Java references can point only to class types. There are no pointers to methods. People sometimes complain about this missing feature, but you will find that tasks that call for pointers to methods can be accomplished more cleanly using interfaces and adapter classes instead. We should also mention that Java has a sophisticated Reflection API that actually allows you to reference and invoke individual methods. However this is not the normal way of doing things. We discuss reflection in Chapter 7.
Finally, we should mention that arrays in Java are true, first-class objects. They can be dynamically allocated and assigned like other objects. Arrays know their own size and type, and although you can’t directly define or subclass array classes, they do have a well-defined inheritance relationship based on the relationship of their base types. Having true arrays in the language alleviates much of the need for pointer arithmetic, such as that used in C or C++.
Java’s roots are in networked devices and embedded systems. For these applications, it’s important to have robust and intelligent error management. Java has a powerful exception-handling mechanism, somewhat like that in newer implementations of C++. Exceptions provide a more natural and elegant way to handle errors. Exceptions allow you to separate error-handling code from normal code, which makes for cleaner, more readable applications.

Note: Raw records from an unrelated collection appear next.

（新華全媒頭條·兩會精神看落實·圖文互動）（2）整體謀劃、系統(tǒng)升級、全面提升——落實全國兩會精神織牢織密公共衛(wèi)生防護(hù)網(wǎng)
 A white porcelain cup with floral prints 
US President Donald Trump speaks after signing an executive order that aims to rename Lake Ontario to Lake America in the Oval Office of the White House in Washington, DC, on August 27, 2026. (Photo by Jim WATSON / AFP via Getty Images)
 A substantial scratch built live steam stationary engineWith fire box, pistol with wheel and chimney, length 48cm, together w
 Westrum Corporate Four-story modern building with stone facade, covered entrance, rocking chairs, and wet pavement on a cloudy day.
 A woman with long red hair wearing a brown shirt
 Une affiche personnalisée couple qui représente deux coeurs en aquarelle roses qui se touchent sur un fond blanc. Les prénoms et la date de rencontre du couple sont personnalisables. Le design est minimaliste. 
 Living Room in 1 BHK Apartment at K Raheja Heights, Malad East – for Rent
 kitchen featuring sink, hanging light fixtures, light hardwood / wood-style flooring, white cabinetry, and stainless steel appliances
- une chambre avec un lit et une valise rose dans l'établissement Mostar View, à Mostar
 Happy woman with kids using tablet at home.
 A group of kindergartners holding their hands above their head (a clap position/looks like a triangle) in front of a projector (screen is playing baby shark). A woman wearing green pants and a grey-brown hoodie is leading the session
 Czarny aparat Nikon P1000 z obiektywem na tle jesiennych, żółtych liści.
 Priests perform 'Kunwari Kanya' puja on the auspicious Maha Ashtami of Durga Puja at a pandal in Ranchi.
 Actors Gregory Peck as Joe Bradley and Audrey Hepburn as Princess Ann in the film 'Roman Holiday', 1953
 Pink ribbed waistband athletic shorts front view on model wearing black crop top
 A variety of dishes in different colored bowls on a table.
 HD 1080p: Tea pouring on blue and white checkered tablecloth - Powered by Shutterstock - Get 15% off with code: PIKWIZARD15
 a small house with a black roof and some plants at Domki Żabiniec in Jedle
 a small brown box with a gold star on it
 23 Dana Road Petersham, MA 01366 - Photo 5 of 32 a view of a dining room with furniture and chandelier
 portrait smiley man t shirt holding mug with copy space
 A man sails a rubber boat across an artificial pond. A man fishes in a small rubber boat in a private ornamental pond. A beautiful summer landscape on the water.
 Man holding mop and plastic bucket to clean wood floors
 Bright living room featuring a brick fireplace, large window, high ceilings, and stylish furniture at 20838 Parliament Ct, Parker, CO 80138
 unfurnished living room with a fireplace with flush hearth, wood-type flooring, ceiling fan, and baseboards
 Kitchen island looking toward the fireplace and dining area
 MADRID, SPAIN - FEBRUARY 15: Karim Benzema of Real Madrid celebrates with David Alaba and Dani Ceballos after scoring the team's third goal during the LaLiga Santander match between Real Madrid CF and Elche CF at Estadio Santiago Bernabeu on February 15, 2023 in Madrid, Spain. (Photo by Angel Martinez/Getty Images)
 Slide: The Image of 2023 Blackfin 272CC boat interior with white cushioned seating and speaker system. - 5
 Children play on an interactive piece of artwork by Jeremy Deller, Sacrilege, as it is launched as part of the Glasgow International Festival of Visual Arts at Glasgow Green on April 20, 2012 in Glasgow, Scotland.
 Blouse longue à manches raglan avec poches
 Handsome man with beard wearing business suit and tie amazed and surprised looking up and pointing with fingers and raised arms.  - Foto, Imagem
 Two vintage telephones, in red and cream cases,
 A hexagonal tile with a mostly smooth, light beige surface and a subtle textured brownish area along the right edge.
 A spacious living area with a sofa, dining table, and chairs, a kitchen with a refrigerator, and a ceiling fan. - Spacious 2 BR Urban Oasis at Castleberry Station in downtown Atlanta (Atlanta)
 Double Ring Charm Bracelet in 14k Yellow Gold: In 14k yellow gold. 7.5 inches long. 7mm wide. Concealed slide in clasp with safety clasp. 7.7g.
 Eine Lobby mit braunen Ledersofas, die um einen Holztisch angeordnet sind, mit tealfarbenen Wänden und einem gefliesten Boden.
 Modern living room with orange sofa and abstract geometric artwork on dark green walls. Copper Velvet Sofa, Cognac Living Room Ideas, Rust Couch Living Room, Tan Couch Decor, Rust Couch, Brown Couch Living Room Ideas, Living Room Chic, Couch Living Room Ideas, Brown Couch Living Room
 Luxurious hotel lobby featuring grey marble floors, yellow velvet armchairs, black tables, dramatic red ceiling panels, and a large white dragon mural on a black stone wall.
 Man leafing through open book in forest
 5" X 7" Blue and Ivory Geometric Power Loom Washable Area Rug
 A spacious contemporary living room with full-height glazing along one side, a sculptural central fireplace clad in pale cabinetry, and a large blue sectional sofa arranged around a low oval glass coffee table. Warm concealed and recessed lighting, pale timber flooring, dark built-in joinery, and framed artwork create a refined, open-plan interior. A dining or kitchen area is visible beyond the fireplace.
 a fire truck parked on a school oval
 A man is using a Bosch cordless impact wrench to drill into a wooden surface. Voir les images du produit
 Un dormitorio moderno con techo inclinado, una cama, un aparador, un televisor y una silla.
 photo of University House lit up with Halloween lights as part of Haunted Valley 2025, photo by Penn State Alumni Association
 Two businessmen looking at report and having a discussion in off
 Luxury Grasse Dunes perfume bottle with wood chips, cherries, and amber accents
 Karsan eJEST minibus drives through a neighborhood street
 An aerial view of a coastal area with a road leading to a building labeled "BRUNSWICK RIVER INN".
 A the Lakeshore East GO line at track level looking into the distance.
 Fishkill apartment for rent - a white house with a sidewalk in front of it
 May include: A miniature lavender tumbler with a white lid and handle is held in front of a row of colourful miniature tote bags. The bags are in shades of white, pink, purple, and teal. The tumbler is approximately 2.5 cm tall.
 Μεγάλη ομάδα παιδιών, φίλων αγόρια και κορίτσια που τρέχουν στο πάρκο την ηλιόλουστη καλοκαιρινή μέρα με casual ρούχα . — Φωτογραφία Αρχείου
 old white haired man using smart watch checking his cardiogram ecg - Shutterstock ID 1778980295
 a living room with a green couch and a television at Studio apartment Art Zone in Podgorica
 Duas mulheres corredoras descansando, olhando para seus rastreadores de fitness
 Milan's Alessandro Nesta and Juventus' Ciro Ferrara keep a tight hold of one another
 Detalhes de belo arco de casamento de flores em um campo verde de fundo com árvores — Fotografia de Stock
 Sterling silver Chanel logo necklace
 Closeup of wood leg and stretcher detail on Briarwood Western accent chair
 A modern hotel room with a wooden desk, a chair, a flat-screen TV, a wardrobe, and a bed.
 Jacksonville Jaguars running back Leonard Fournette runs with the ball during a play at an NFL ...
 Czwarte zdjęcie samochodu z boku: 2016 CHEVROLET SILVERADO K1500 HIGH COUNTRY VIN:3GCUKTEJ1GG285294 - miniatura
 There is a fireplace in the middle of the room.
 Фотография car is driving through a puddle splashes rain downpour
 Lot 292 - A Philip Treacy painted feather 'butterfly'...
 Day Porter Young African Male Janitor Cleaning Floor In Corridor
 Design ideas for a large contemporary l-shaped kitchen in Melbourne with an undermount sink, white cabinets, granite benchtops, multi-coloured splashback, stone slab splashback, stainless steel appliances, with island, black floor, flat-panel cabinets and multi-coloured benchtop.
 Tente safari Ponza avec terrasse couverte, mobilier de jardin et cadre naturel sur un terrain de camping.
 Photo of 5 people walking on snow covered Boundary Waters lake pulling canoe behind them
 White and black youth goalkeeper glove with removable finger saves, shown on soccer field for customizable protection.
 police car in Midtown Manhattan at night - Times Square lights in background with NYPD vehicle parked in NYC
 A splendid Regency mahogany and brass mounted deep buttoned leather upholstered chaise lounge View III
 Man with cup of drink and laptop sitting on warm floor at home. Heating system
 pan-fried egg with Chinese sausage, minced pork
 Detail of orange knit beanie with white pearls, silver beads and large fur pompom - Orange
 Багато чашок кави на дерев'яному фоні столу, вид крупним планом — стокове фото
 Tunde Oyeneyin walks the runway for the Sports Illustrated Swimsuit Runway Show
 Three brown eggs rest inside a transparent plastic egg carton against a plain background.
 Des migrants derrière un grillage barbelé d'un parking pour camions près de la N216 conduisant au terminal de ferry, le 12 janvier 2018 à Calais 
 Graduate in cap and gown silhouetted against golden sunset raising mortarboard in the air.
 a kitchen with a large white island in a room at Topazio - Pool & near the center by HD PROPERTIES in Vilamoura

When an exception occurs, it causes the flow of program execution to be transferred to a predesignated “catcher” block of code. The exception carries with it an object that contains information about the situation that caused the exception. The Java compiler requires that a method either declare the exceptions it can generate or catch and deal with them itself. This promotes error information to the same level of importance as argument and return types for methods. As a Java programmer, you know precisely what exceptional conditions you must deal with, and you have help from the compiler in writing correct software that doesn’t leave them unhandled.
Today’s applications require a high degree of parallelism. Even a very single-minded application can have a complex user interface—which requires concurrent activities. As machines get faster, users become more sensitive to waiting for unrelated tasks that seize control of their time. Threads provide efficient multiprocessing and distribution of tasks for both client and server applications. Java makes threads easy to use because support for them is built into the language.
Concurrency is nice, but there’s more to programming with threads than just
performing multiple tasks simultaneously. In most cases, threads need to be
synchronized, which can be tricky without explicit language support. Java
supports synchronization based on the monitor and
condition model—a sort of lock and key system for
accessing resources. The keyword synchronized
designates methods and blocks of code for safe, serialized access within an
object. There are also simple, primitive methods for explicit waiting and
signaling between threads interested in the same object.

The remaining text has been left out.